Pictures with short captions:
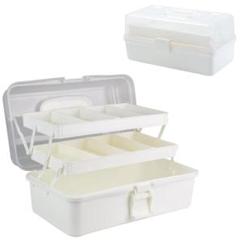 新品・未使用【ホワイト】 3段式収納ボックス 化粧品 工具 ネイル道具 裁縫箱
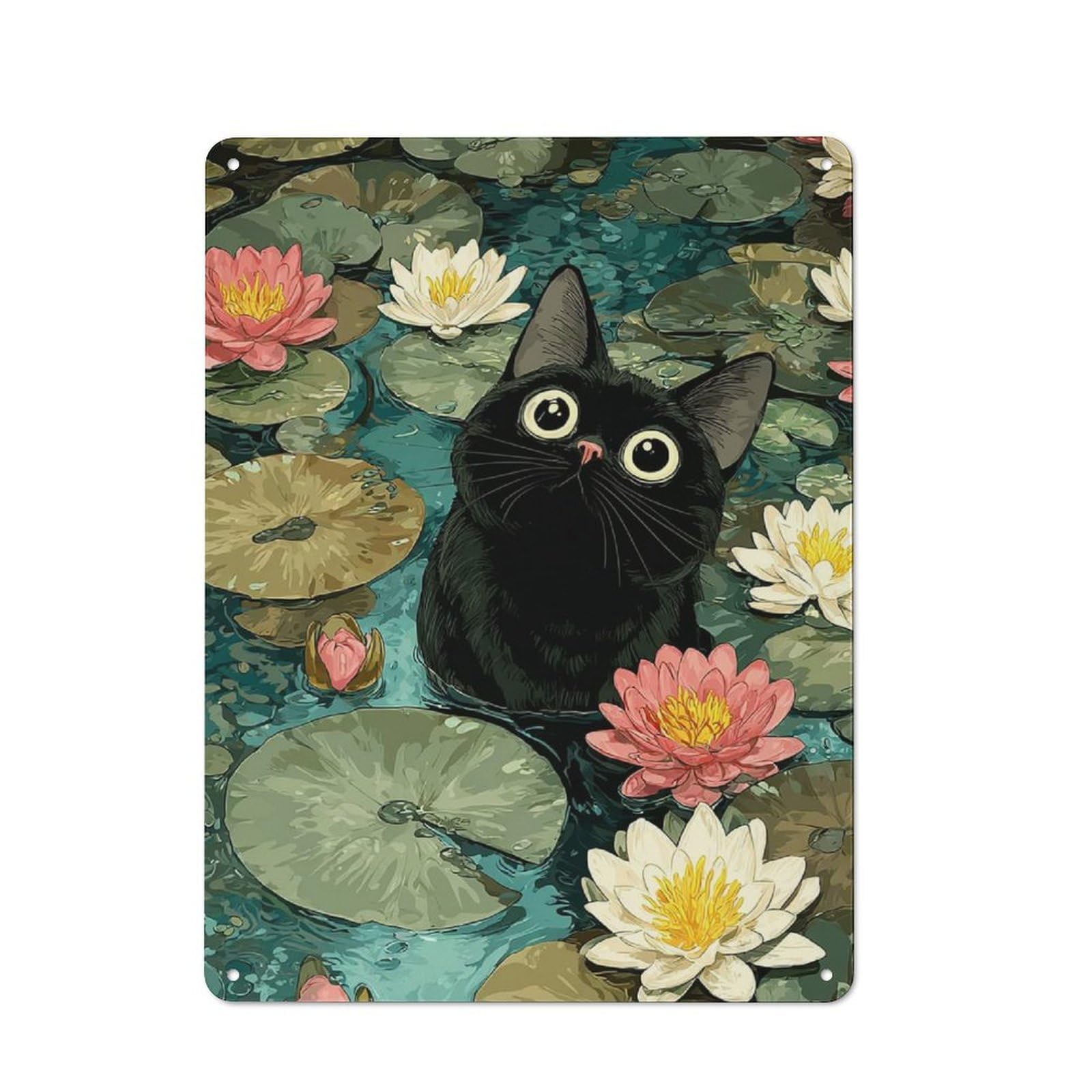 Junmoney Style-18 Black Cat In Lily Pond Illustration Urban Metal Wall Decor 40X30cm, Metal Wall Art Sign For Loft, Studio, Office Or Creative Room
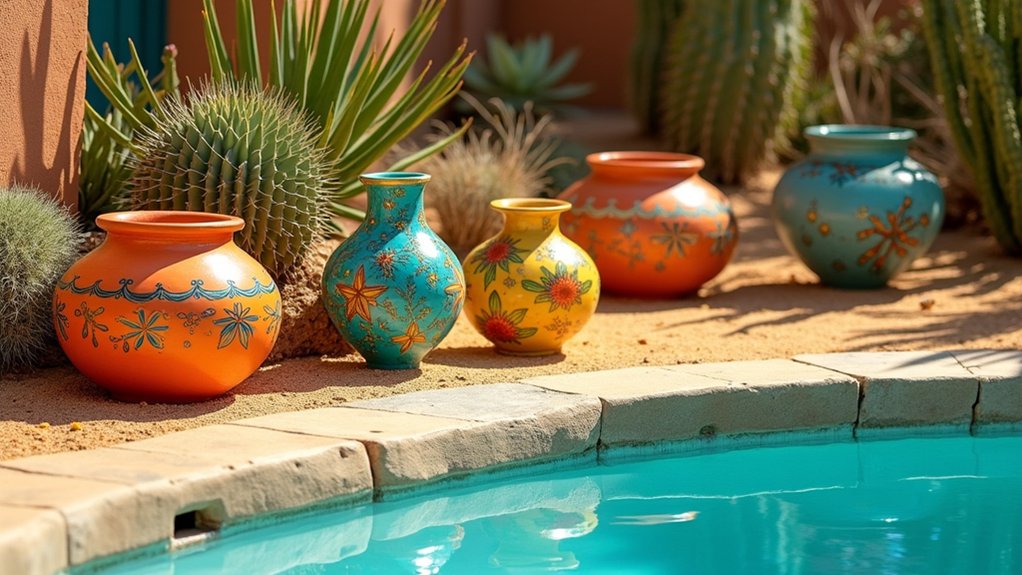 15 Striking Desert Pool Landscaping Ideas That Thrive in the Heat colorful desert poolside decor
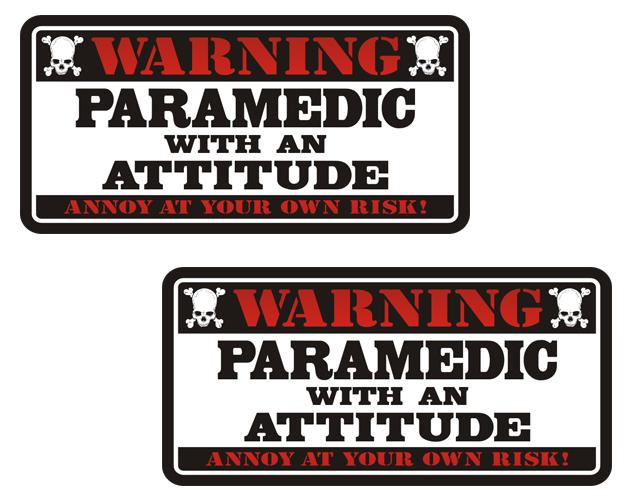 Paramedic warning decal set 3"x1.5" rescue first responder vinyl sticker zu1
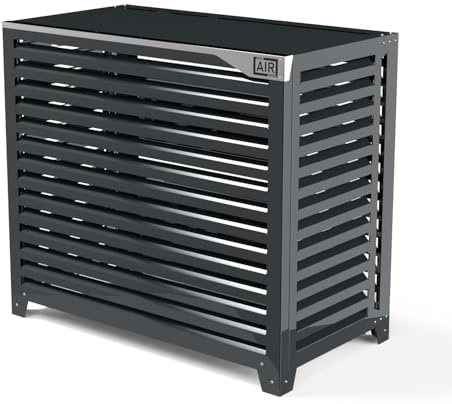 Box Air Klima Big Blade XXL Antracite – Abdeckung für Klimaanlage aus Aluminium-Verbund & INOX 316, zur Bodenmontage, 135×120×72 cm – Verkleidung für große Geräte
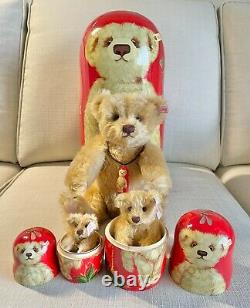 Rare Ltd Edition Steiff Matrioschka Matryoshka Russian Doll Teddy Bear Set Of 3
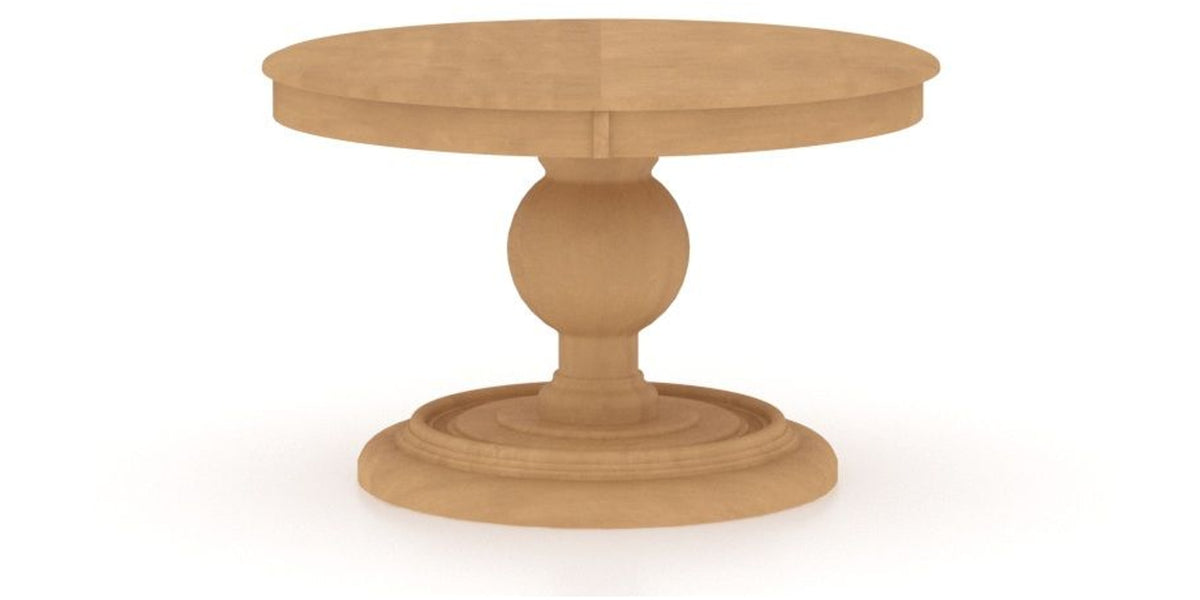 Canadel Round Dining Table 4848 with HQ Base, A Edge in 20 Caramel Washed, side view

▸ TASK INSTRUCTIONS:
In the copy, include exactly the lines from the one with "15 Striking Desert" through the final line of the entries above, both ends counted, and no pictures.

▸ EXERCISE OUTPUT:
 15 Striking Desert Pool Landscaping Ideas That Thrive in the Heat colorful desert poolside decor
 Paramedic warning decal set 3"x1.5" rescue first responder vinyl sticker zu1
 Box Air Klima Big Blade XXL Antracite – Abdeckung für Klimaanlage aus Aluminium-Verbund & INOX 316, zur Bodenmontage, 135×120×72 cm – Verkleidung für große Geräte
 Rare Ltd Edition Steiff Matrioschka Matryoshka Russian Doll Teddy Bear Set Of 3
 Canadel Round Dining Table 4848 with HQ Base, A Edge in 20 Caramel Washed, side view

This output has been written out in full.